Logistic Regression is a statistical model used for classification tasks, particularly for binary classification problems where the target variable has two possible outcomes, such as success or failure. Here's a detailed explanation of this topic:
- Target Variable: In logistic regression, the target variable is binary, typically represented as 0 or 1.
- Logistic Function: The model uses a logistic function, also known as a sigmoid function, to transform linear outputs into probabilities ranging from 0 to 1. The formula is: [ \sigma(z) = \frac{1}{1 + e^{-z}} ] where ( z = \beta_0 + \beta_1 x_1 + \beta_2 x_2 + \ldots + \beta_n x_n ).

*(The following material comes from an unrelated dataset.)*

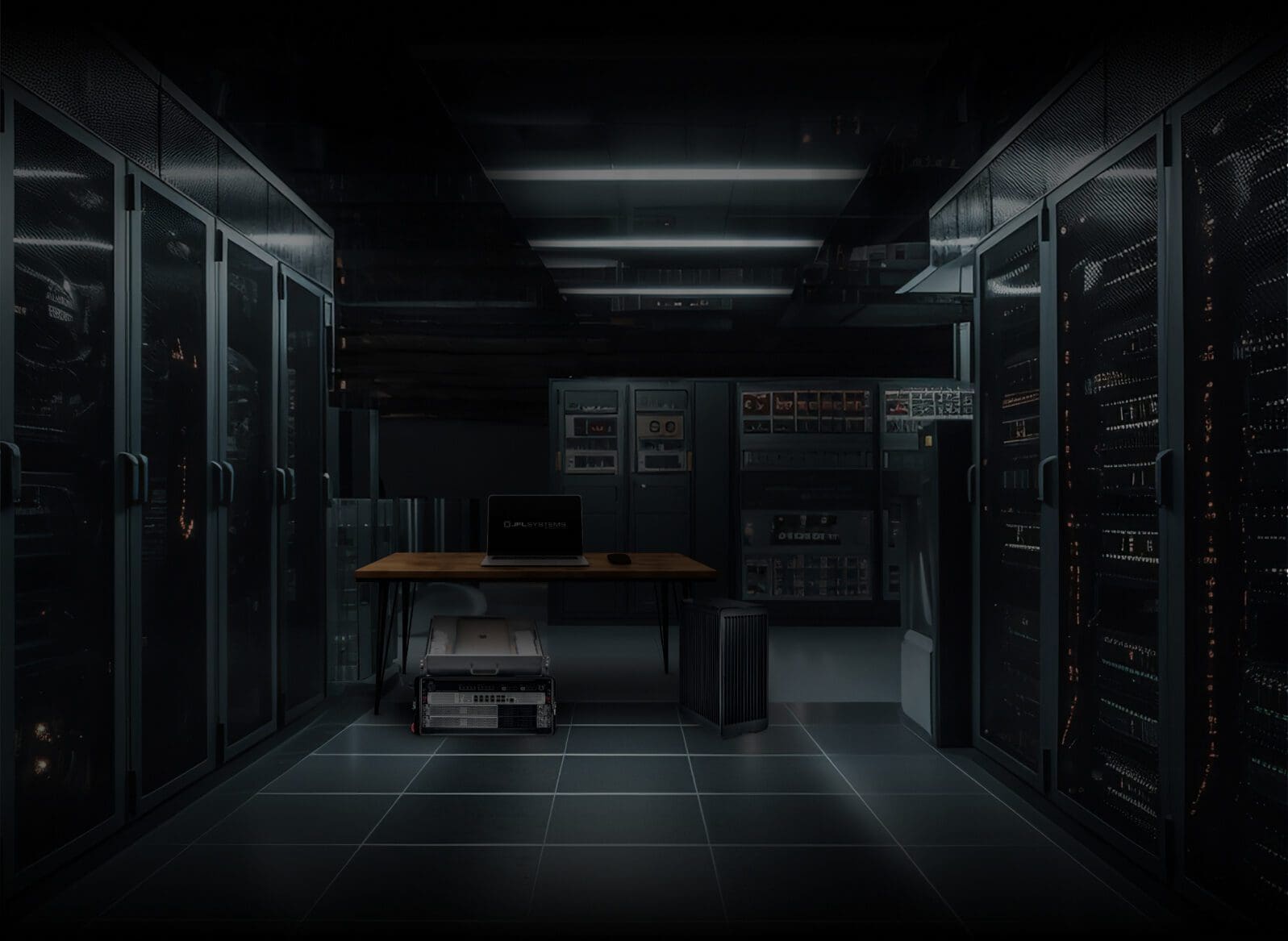 Dimly lit server room with computers and equipment.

- Interpreting Probabilities: After obtaining probabilities from the logistic function, they can be converted into classifications (0 or 1) using a specified threshold (usually 0.5).
- Data Collection: Obtain a suitable dataset containing independent variables (features) and a binary target variable.
- Data Exploration: Analyze the data to understand its distribution and relationships between variables.
- Data Preparation:
- Handle missing values.
- Convert categorical variables into numerical features using encoding techniques (e.g., One-Hot Encoding).
- Split the data into training and testing sets.
- Model Training: Use the training data to train the logistic regression model.
- Prediction: Use the trained model to predict classifications on the test data.
- Performance Evaluation: Use metrics such as accuracy, confusion matrix, and classification report to evaluate the model's performance.